The Buntings take him in, and their lives improve immediately. Mr. Sleuth doesn’t eat meat, never drinks alcohol, and generally keeps to himself, all of which also means that he demands very little of Mrs. Bunting’s time or attention. The Buntings are able to enjoy better food than that to which they had become accustomed, and they begin to buy back the things that Mr. Bunting had pawned. Mr. Bunting even returns to his favorite habit of reading the daily paper again. And good timing, too, because a series of murders has all the city alight with speculation as to the culprit.
The murders—an amalgamation of Jack the Ripper’s and those perpetrated by the Lambeth Poisoner—are gruesome, and the police are desperate to catch the man committing them. As it happens, Mr. Bunting knows a young policeman named Joe Chandler well, the son of a longtime friend who has passed away. The kindly and good-natured young officer enjoys discussing the case with Mr. Bunting, who is always eager to hear the policeman’s perspective on the murder case.
Meanwhile, it becomes clear that Mr. Sleuth is a very odd man. Despite Mrs. Bunting’s insistence that he is a “real gentleman,” he has extremely strange habits. The lodger spends his days studying Holy Scripture. In and of itself, this would be a noble way of life, but it becomes clear that he obsesses over passages that can be interpreted to be in any way critical of women, understanding them in the most extreme way possible. Focusing on violent details in the Bible, the man is writing a commentary on the Good Book. He sometimes goes out very late at night, and afterwards, he spends time conducting “important research” during which he must not be disturbed.
Slowly but steadily, facts mount up, and Mrs. Bunting begins to suspect that her lodger might in fact be the killer whom all London wishes to see caught. However, she does not go to the police, even though it would be quite easy, given that a policeman, Joe Chandler, visits them so often. Even as evidence continues to accrue, she denies to herself that Mr. Sleuth could possibly be the murderer.
Readers might think that, were they in Mrs. Bunting’s position, they would have no trouble approaching the authorities. This was how I, at least, felt early in the book. But as the tale continued, I was forced to confront how subtle evil is, growing like a vine around our hearts and minds. True, my own personal complicity with evil has never been as dramatic as housing a man I suspected to be a murderer. But this novel’s story reinforces the reality, observed by Solzhenitsyn, that “The line separating good and evil passes not through states, nor between classes, nor between political parties either—but right through every human heart.”

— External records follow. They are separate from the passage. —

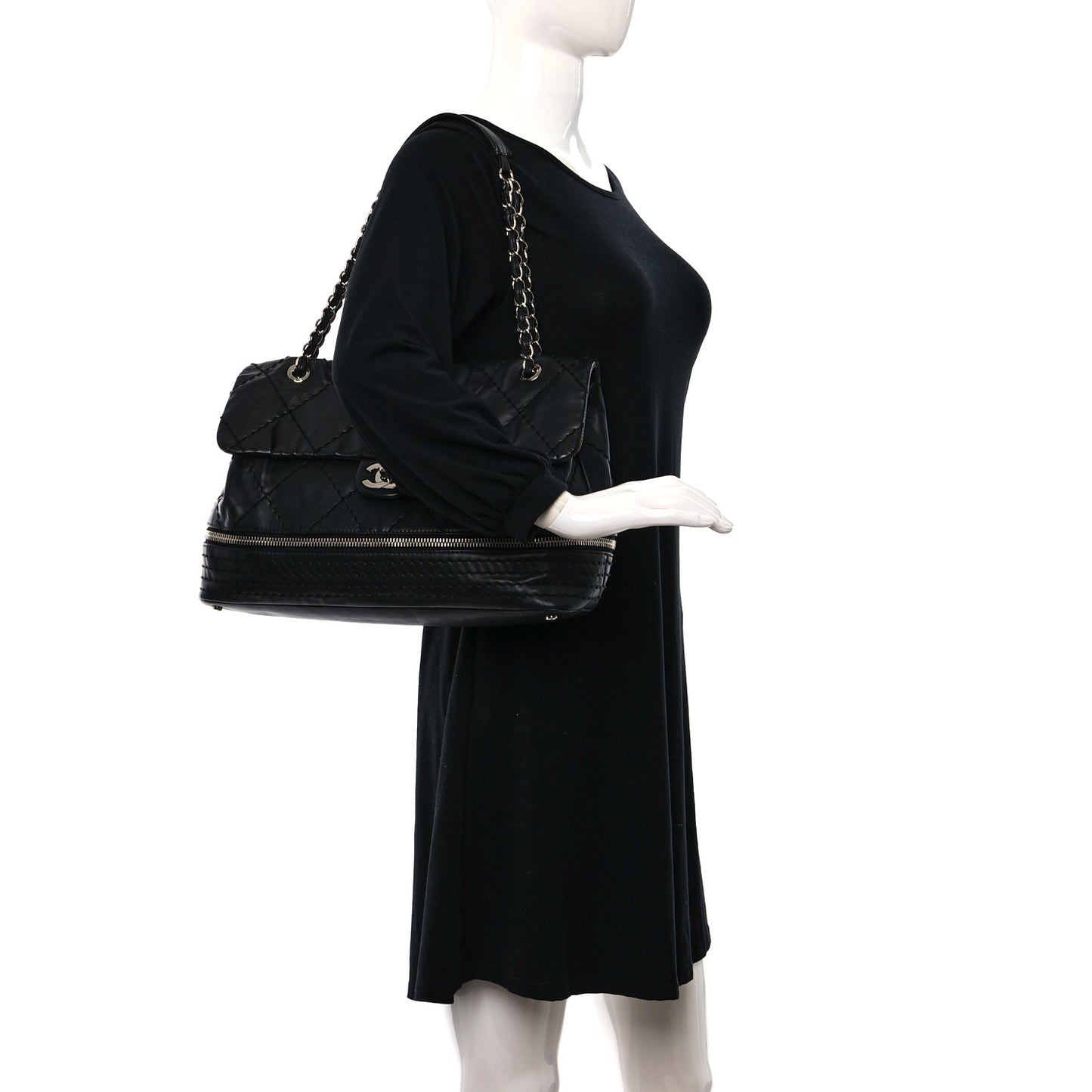 Calfskin Stitched Large Expandable Flap Bag Black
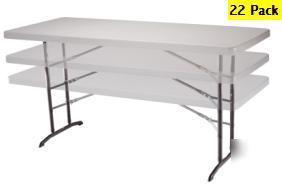 22 lifetime 2920 6' ft almond adjustable folding tables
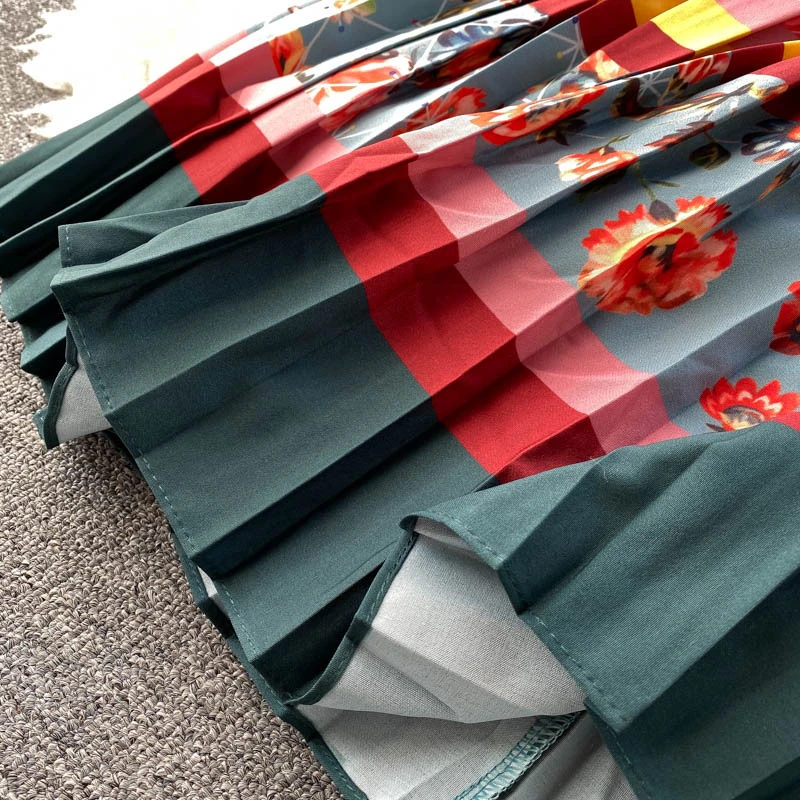 

Blue Mesh Lace Long Sleeve Bow Neck Floral Print Office Pleated Dress Elegant Women Fashion Spring Autumn Runway Dress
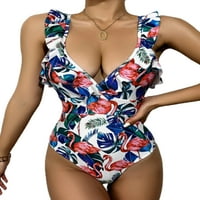 Beqeuewl Ženski jednodijelni kupaći kostim cvjetni iskrivljeni bikini kupaći kostimi Monokini plaža kupaći kupaći kostim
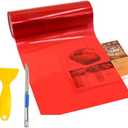 KOMAS 12 X 48 Tint Vinyl Film Sticker Sheet Roll for Car Headlight, Tail Lights, Fog Lights with Squeegee + Cutter (Glossy Red)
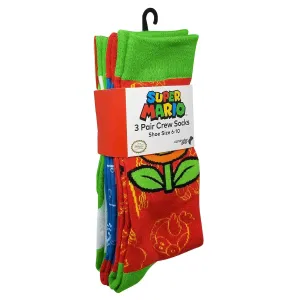 Controller Gear Super Mario Evergreen - 3 Pack Super Mario Merchandise Crew Socks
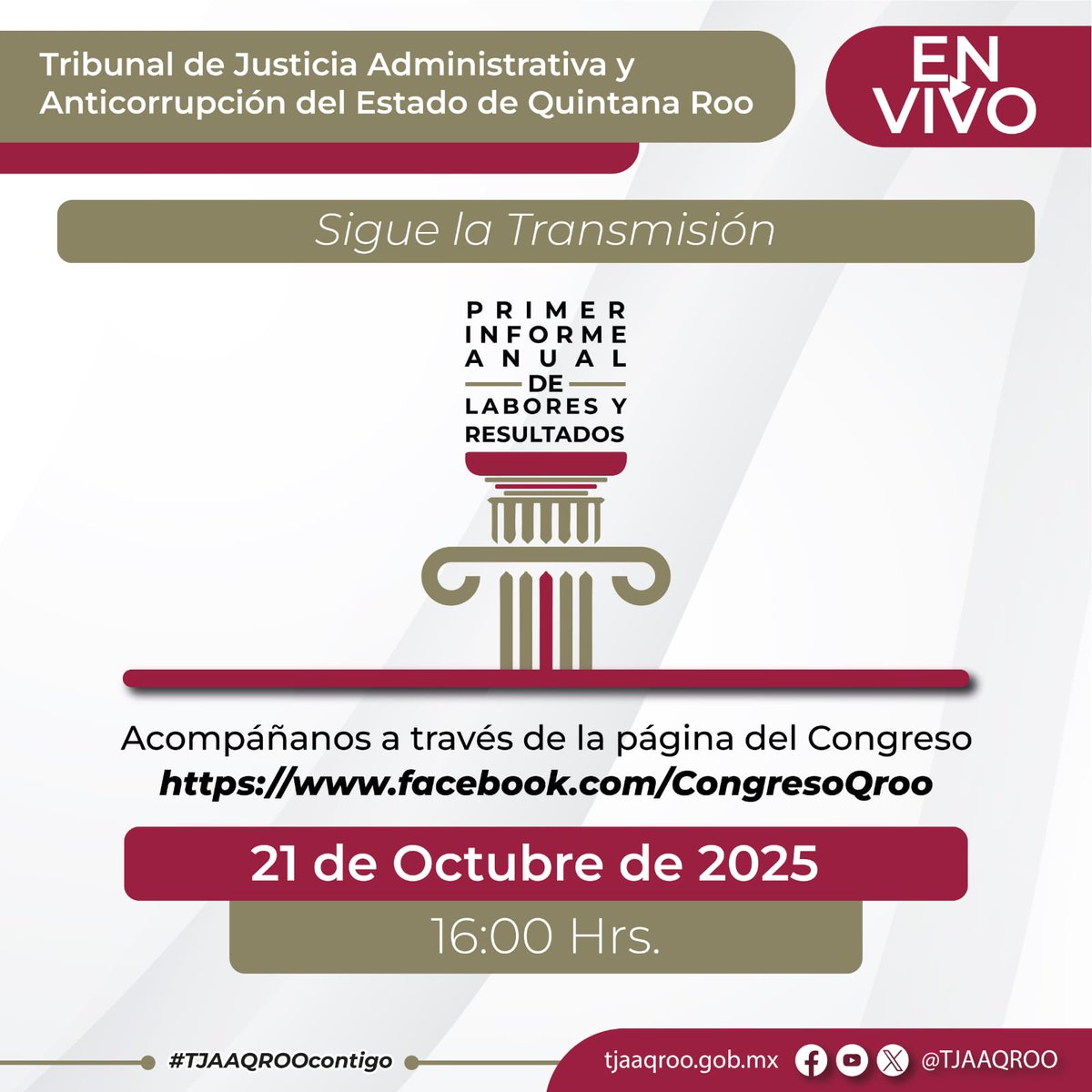 Sigue la transmisión #EnVivo a través de la página de Facebook del <a href="/CongresoQRoo/">Congreso del Estado de Quintana Roo</a>, del Primer Informe Anual de Labores y Resultados del <a href="/TJAAQRoo/">#TJAAQRoo</a> ⚖️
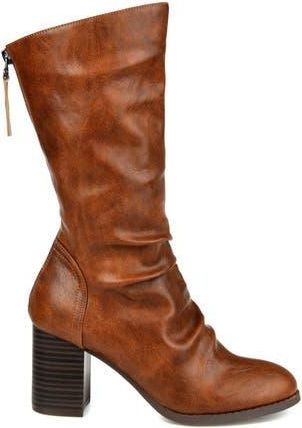Journee Collection Sequois Slouch Heeled Boot in Brown at Nordstrom Rack, Size 11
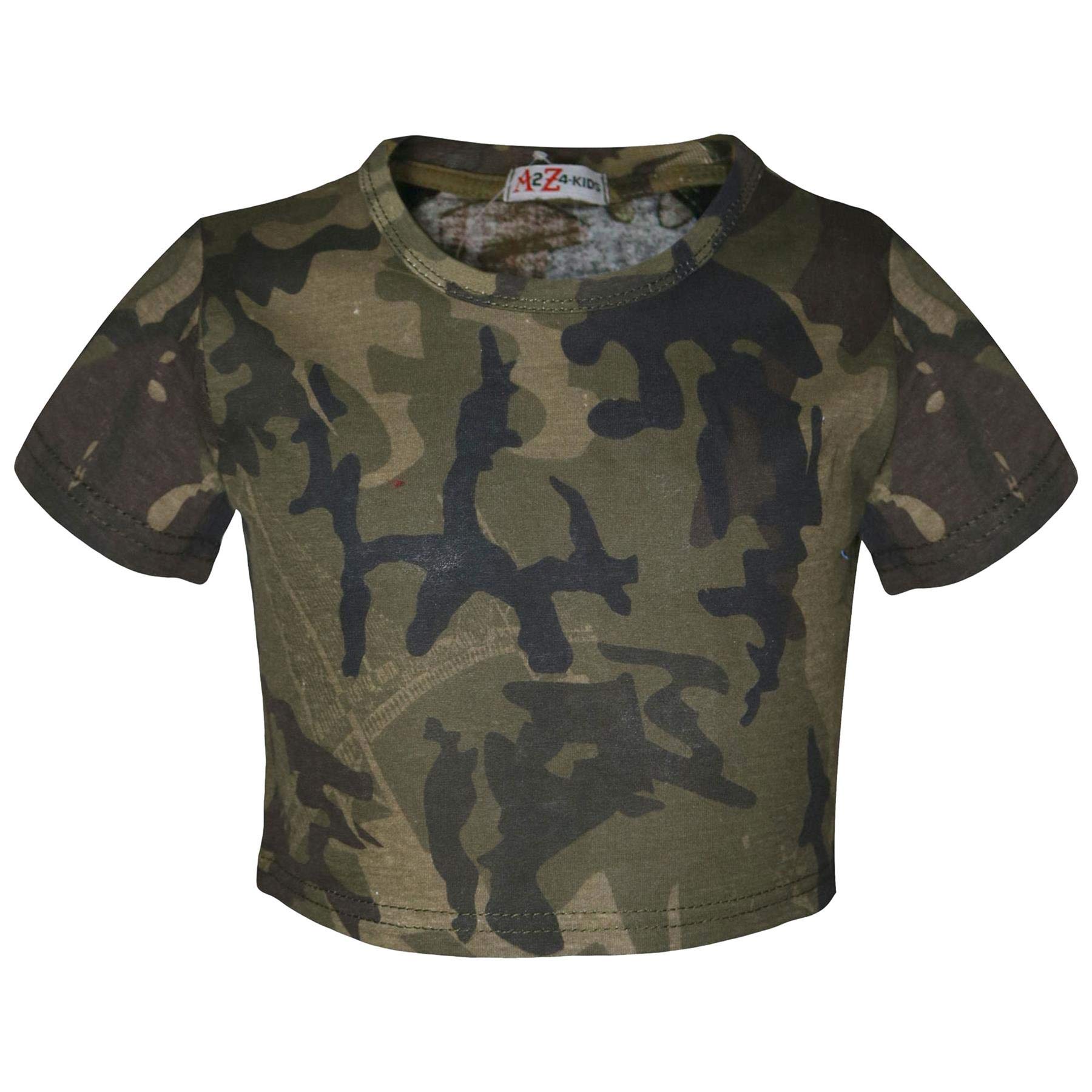 A2z 4 Kids Girls Camo Green Top Selfie Camouflage Trendy - A2z Camo Crop Top Green 13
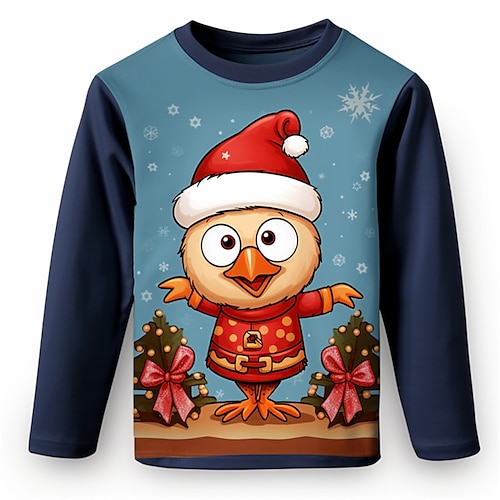 

Navidad niños 3d pollito camisa manga larga estampado 3d otoño invierno deportes moda ropa de calle poliéster niños 3-12 años cuello redondo al aire libre casual diario ajuste regular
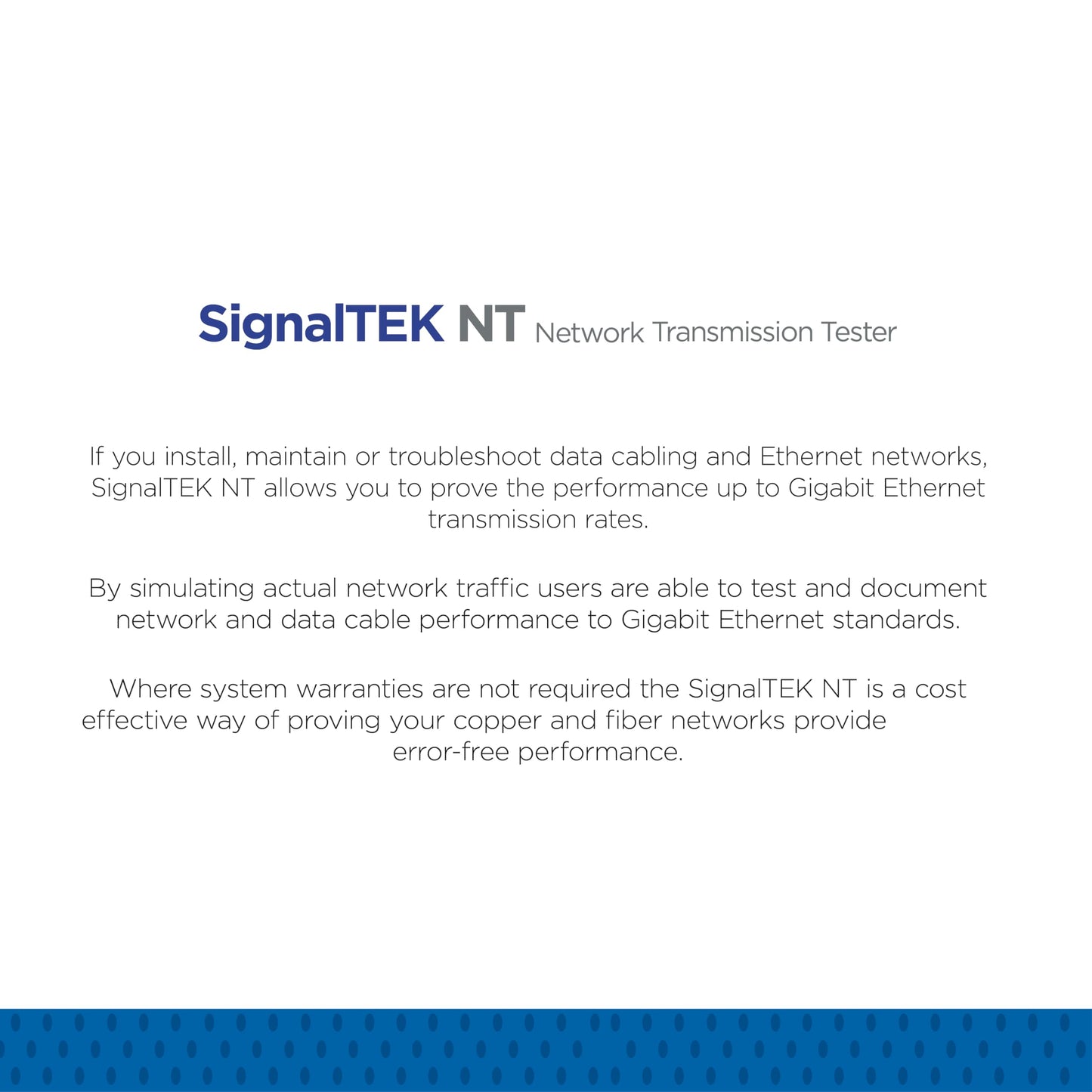 TREND Networks | R156005 | SignalTEK NT | Touchscreen Copper & Fiber Network Transmission & Bandwidth Tester Kit | Troubleshoot Data Cabling & Ethernet Network Issues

There is an everydayness to the evil depicted in The Lodger. To echo Hannah Arendt, Mrs. Bunting’s sins of omission are banal, barely noticed or noticeable, even by herself. Like so many of us, Mrs. Bunting excuses herself more and more, though to find out whether she ever stops doing so you’ll need to read the novel yourself.
The Lodger is a book that confronts evil. But it is also, in doing so, a profoundly humane book. Its characters feel real—frighteningly so. And because of this, it is a book that, whether read in the dead of night on Halloween or midday on the brightest day of the year, stays with its readers, quietly reminding us that evil is afoot, right under our own roof.